Прибой шумел глухо и монотонно. Напуганные чайки метались над белесыми волнами. А берег стонал от гула тяжелых сапог. Рота морской пехоты марш-броском рвалась к назначенному пункту. Автомат, противогаз, подсумок патронный, подсумок гранатный, железная каска на голове и вещмешок за плечами – все это с каждым километром увеличивалось в весе и тянуло к земле. Сердце колотилось у самого горла. Пот по лицу – градом. Когда с моря налетал резкий порыв ветра, он сдергивал со лба и со щек тяжелые капли, они попадали иногда на руки, и было странно, что пот за такое короткое время становится холодным. Тяжелое запаленное дыхание рвалось из сотни ртов. Прорезая глухой топот сапог, вонзался в уши прерывистый командирский голос: «Не отставать! Подтянись!» Казалось, что дорога отодвигается, ускользает и ее уже никогда не догнать. Но зачем же догонять дорогу? Она под ногами. Нет, убегает, ускользает. Больше всего Иван боялся запнуться и упасть. Если он упадет, то никакая сила не сможет его поднять. Бухают сапоги, не замолкая ни на секунду. Грохочет прибой, набирая силу. Небо над головой мрачное, осеннее – Иван успел взглянуть на него перед марш-броском. Теперь не до неба. Силы оставляют. А командирский голос будто ввинчивается в уши: «Газы!» Прохладная резина противогаза плотно прилипает к щекам, через минуту становится теплой, а еще через несколько минут – мокрой. Сил больше нет. Иван замечает впереди большой позеленевший валун. Сейчас он добежит до него и упадет. Упадет и будет лежать, пока не отдышится, пока сердце не перестанет колотиться у самого горла и не опустится на положенное место. Валун уже маячит сбоку, но Иван не падает. Все бегут, и он тоже бежит вместе со всеми. Снова намечает себе валун и снова оставляет его позади. Все бегут, все. Всем тяжело, а не только тебе одному. И он бежал и прибежал вместе со всеми, нигде не отстал. А один он бы никогда такого сделать не смог. Этот закон Иван познал и открыл на собственном опыте.

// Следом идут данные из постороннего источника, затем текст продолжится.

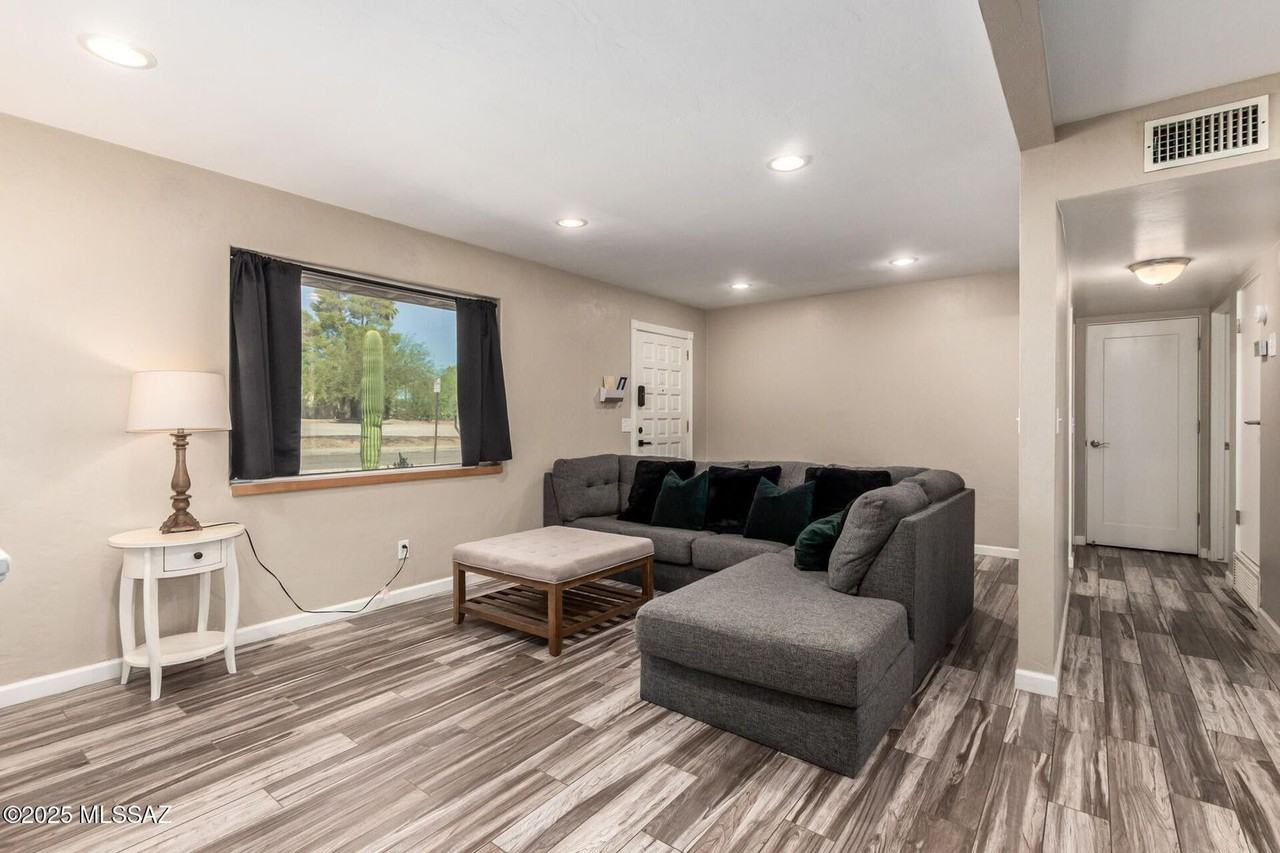 2754 N Cherry Ave - Photo 7 of 40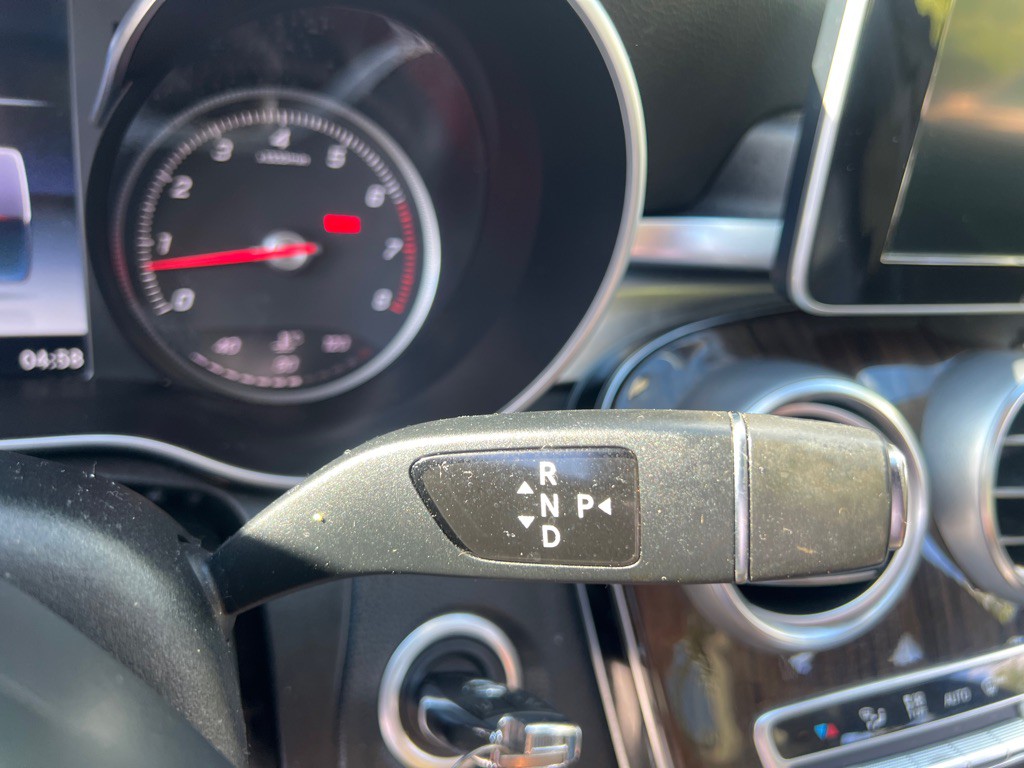 2017 Mercedes-Benz C-Class Image 27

…Шесть часов. Шесть часов без единого перерыва и без единого перекура. Голова набухла от гула. Ноги затекали, ломило поясницу. Солнце заливало округу ярким прощальным светом. Одна за другой сновали машины, оставляли на земле блестящие вмятины, и убранное поле было украшено странным, запутанным рисунком.